Member for Barker Tony Pasin MP says after inheriting a budget in strong economic position from the Coalition, Labor’s first Federal Budget has been the first test of economic management and Labor has failed.
Mr Pasin said Labor has broken election promises and done nothing to ease cost of living or inflation.
“Before the election, the Prime Minister told Australians that they would be better off under a Labor Government. In truth, the typical Australian family will be at least $2,000 worse off by Christmas alone,” Mr Pasin said.
The Federal Budget handed down by the Labor Government last night did not include a credible plan to deal with the source of inflation or to help families deal with immediate cost of living pressures.

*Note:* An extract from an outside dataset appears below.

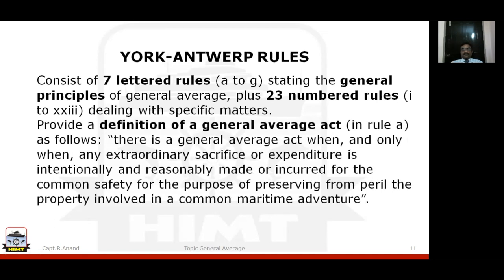The earlier basic definitions we discussed have been clarified in greater depth in the York-Antwerp Rules. The first lettered rule is Rule A — the 'Rule Paramount' — which states: 'There is a general average act when and only when an extraordinary sacrifice or expenditure is intentionally and reasonably made or incurred for the purpose of common safety, for the purpose of preserving the property involved in a common maritime adventure.' This is the definition as per the York-Antwerp Rules, Rule A.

“This budget fails Australian families at a time when they really need a plan to address cost of living pressures,” Mr Pasin said.
Mr Pasin said the budget confirmed that cost of living is going up including electricity and gas bills, taxes are increasing, and employment is forecast to go down, along with real wages.

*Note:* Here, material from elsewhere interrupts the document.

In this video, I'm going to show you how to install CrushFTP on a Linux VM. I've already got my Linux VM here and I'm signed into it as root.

“It’s a high-taxing, high-spending budget that does nothing to help households deal with cost of living pressures” Mr Pasin said.

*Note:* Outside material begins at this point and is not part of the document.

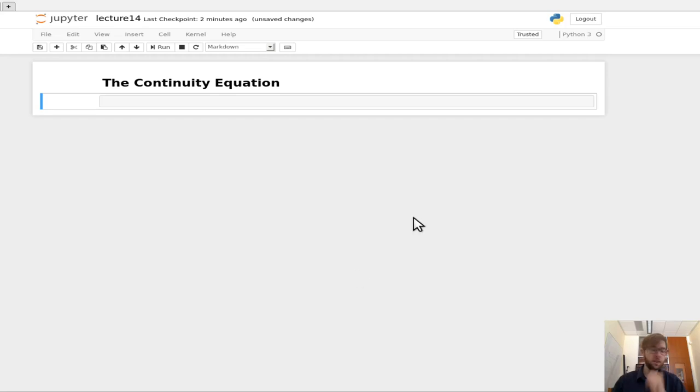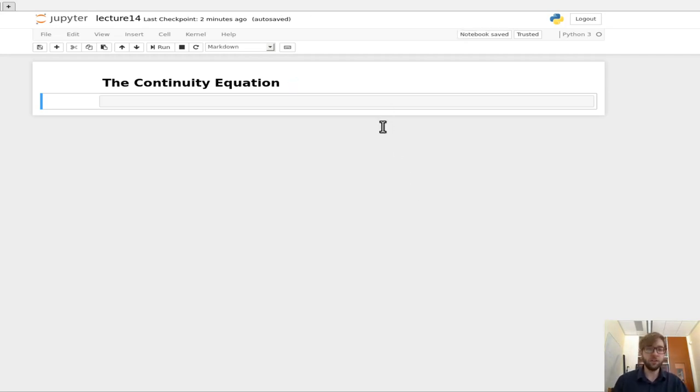Hello everybody and welcome to this lecture on the continuity equation in the intro to nuclear engineering.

The budget confirms that electricity and gas prices are expected to rise sharply over the next two years. Treasury has assumed retail electricity prices will increase by 50 per cent. Retail gas prices are up some 40 per cent in 2022 and 2023. Despite Labor’s pre-election promise to reduce power prices by $275 a year, their own budget papers contradict this claim, and the Government has no plan to address rising prices.
Mr Pasin also said the Government had failed to limit taxes imposed on Australians. Under Labor, the tax paid by Australians will increase by $142 billion over the forward estimates.
“By abandoning the 23.9 per cent of GDP tax cap, the budget delivers no certainty for the 10 million Australians on their legislated tax relief due in 2024,” Mr Pasin said.
“The only new change to the tax system announced in this budget is a new tax on investments, slugging people who invest their own savings and superannuation.”
Despite ruling out these changes before the election, Labor will hit retirees and investors with a new $555 million tax, depriving investors of franking credits which they have previously relied on.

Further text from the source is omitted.